Cloth house: at home with fabrics inspired by the outdoors

Combined with modern furniture and just enough decorative pieces, the material lights up a bright Victorian house

Textile artist Anne Kelly says it seems natural that there’s no separation between what she does for a living and her living space. “In my work, I like to rescue and reuse old pieces of fabric, reinventing them. At home, I guess I do much the same with the things I live with.”
She shares her three-bedroom Victorian house in Tunbridge Wells with her husband Paul and, though there has undoubtedly been more room since her two children left home some 10 years ago, Anne says she’s always been good at avoiding clutter.

"Buying a house when you’re short of cash means you have to make the best of what you’ve got"
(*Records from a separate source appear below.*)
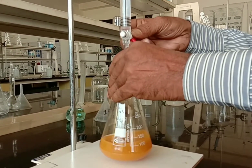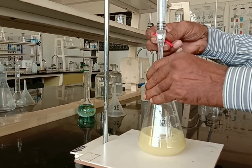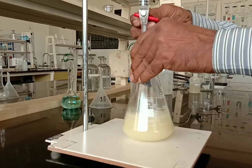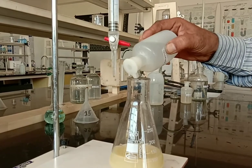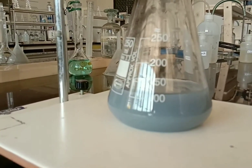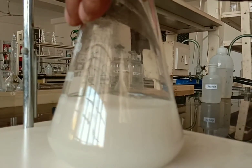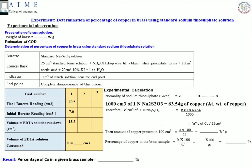Add about 20 cm³ of 10% potassium iodide solution. Using the weight of brass and normality of thiosulfate, which will be given to you, calculate the percentage of copper in the brass sample with the help of the given formula.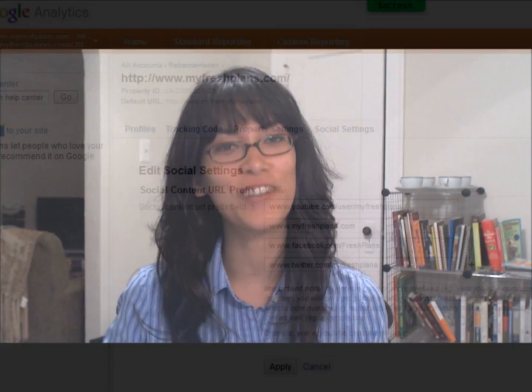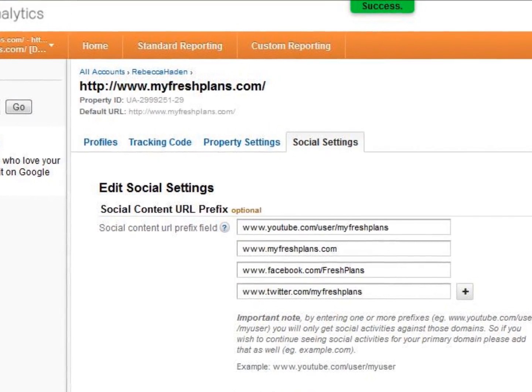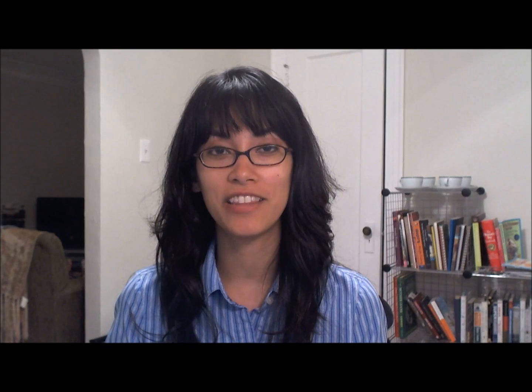This tab allows you to track what people are sharing on your social sites, and you can find it here on your admin screen. You'll just type in the URLs that you want to track, making sure to add your own website in as well — your own domain. So you'll want to put in, for instance, youtube.com/user/myfreshplans.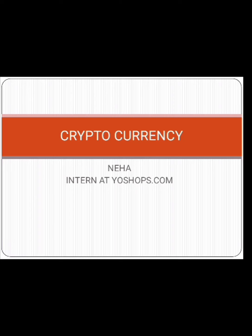Hello, I am Neha, an intern at YourShops.com. For today's video, the topic is Cryptocurrency.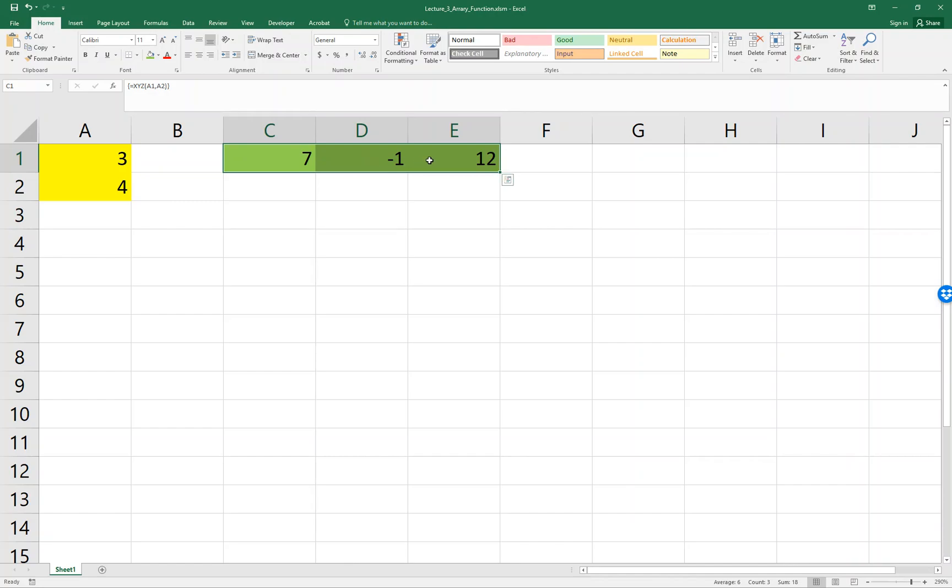Sometimes when you calculate financial calculations or indicators, you may want to use an array function instead of writing multiple functions. Of course, you could write three separate functions in columns C, D, and E, but sometimes it's easier to write a single function that can do multiple things at once. Thank you very much.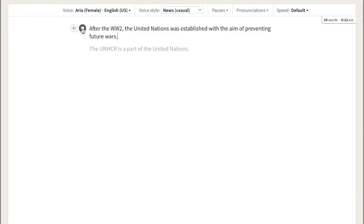After the WW2, the United Nations was established with the aim of preventing future wars.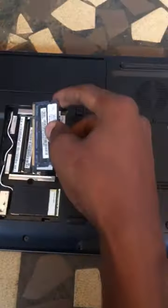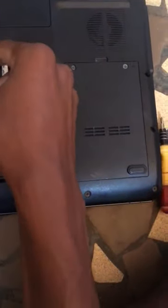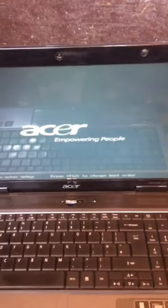Replace it and put it back in. Let's power it on and see if it can display — yes, it works!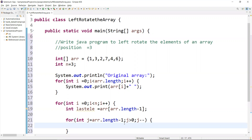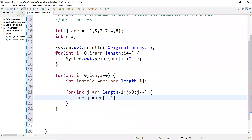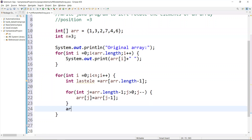Now we shift elements of the array by one: array of j equal to array of j minus one. This means j starts at the last position — the sixth element — and it has to shift one by one. Three times it has to iterate: first iteration shifts it here, next shifts it here, then here. Once done, we set array of zero equal to the last element — that's what we have to do.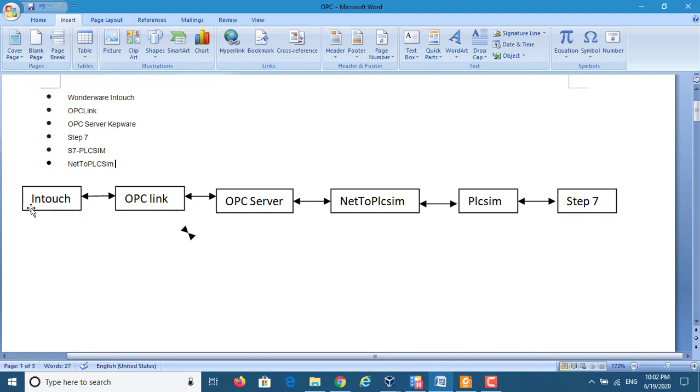Look at this picture. InTouch communicates with OPC link. OPC link communicates with OPC servers. OPC servers communicate with NetToPLCsim. NetToPLCsim communicates with PLCsim. Also PLCsim communicates with Step 7.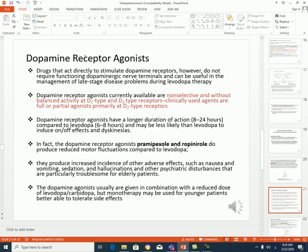The fourth choice is to use dopamine receptor agonists, which are used in late-stage disease during levodopa therapy. These dopamine agonists are non-selective, with a balance between D1 and D2 receptor activity. They have a longer duration of action compared to levodopa and are less likely to induce on-off effects and dyskinesia. There are ergot derivatives and non-ergot derivatives. The non-ergot drugs include pramipexole and ropinirole. Side effects include nausea, vomiting, sedation, and hallucination. These agonists can be given in combination with levodopa or carbidopa, or as monotherapy if the patient is young and can tolerate side effects.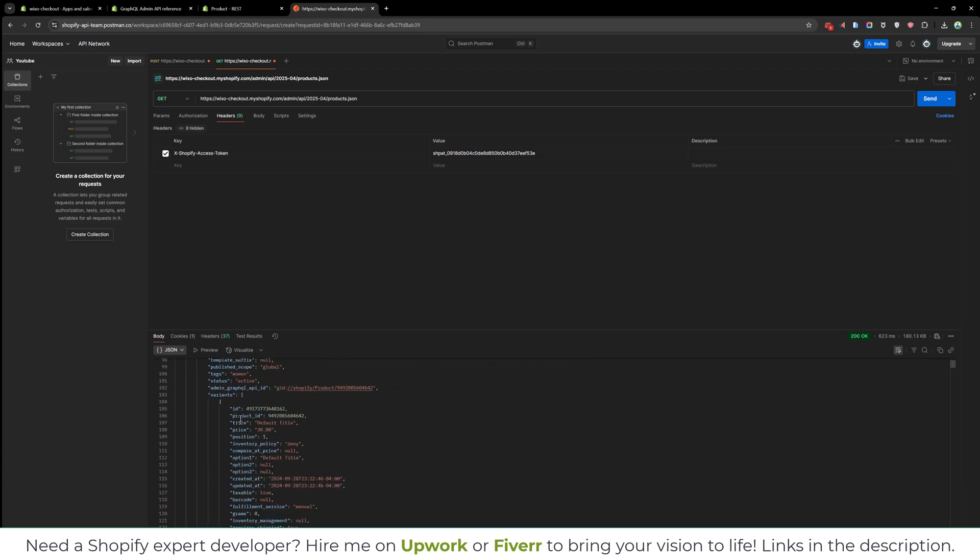So this is how you can create the Shopify credentials and make GraphQL and REST API requests using Postman. I hope this makes sense for you. Thank you — if you have any questions, please leave them in the comment box. Thank you, and I will see you in the next video.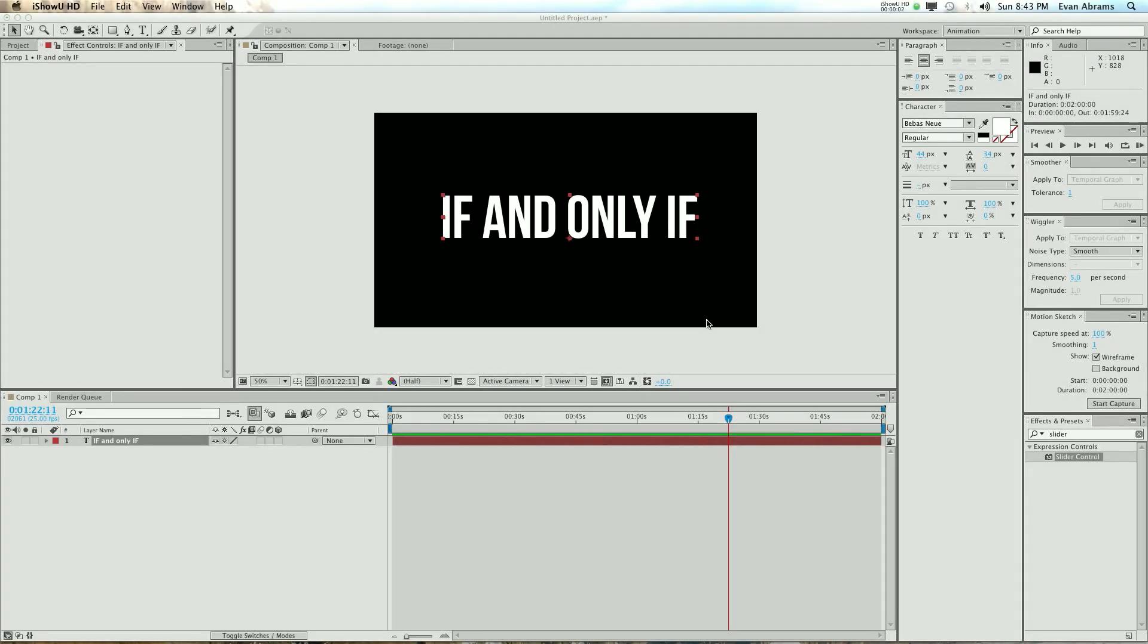All right everybody, this is Evan Abrams and we're going to get into some expressions. We're going to be using expressions to make this text twitch back and forth on the screen, and we're going to do so using random number generators, variables, and the if expression. So we'll be using a random number to feed into an if expression, and that will control whether or not we are spazzing out this layer. I wish that my spazzing out was controlled by variables, but those are really just caffeine and how much stress I'm under, and I don't moderate either of them very well. So let's get into it.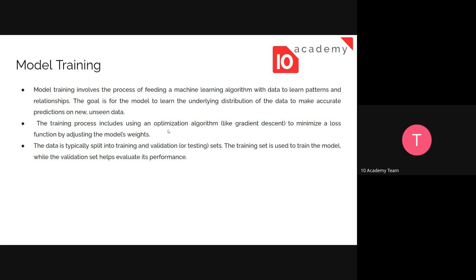The training process includes using optimization algorithms like gradient descent. Gradient descent helps us minimize the loss function — meaning the error — by adjusting the model's weights, biases, and other parameters. These are not hyperparameters; adjusting them brings a better output and a more efficient process.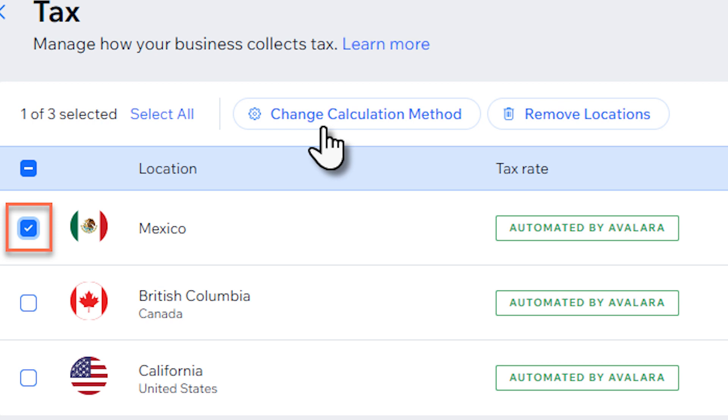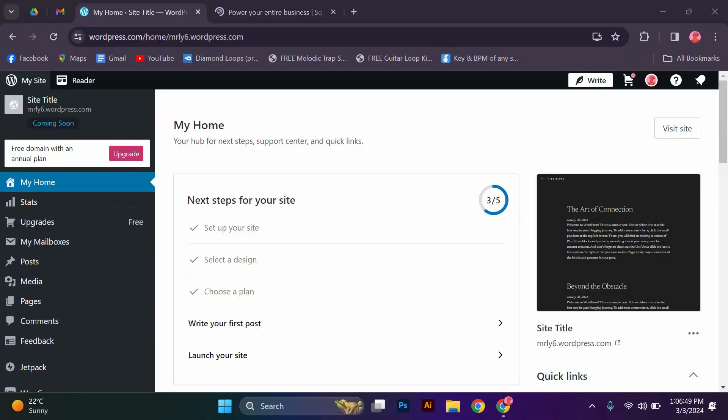Finally, test the payment process on your website to ensure everything is working smoothly. Make a test purchase to see how customers will experience Square payment on your site.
“If I don’t want to look at it or use it, I’m not keeping it,” she says, firmly. This philosophy has served her well in the kitchen, where open shelves hold just the right amount of brightly coloured plates, mugs and bowls from sources as varied as Marks & Spencer, Orla Kiely and Arabia. There are purely decorative pieces, too – pottery birds, tiles and Royal Copenhagen dishes – all united by strong colour, shapes and graphics, and with a nod to midcentury design. Anne has long been drawn to this era, partly for sentimental reasons – the Scandi furniture of the period loomed large in her life when she was growing up in Canada – and partly for practical ones.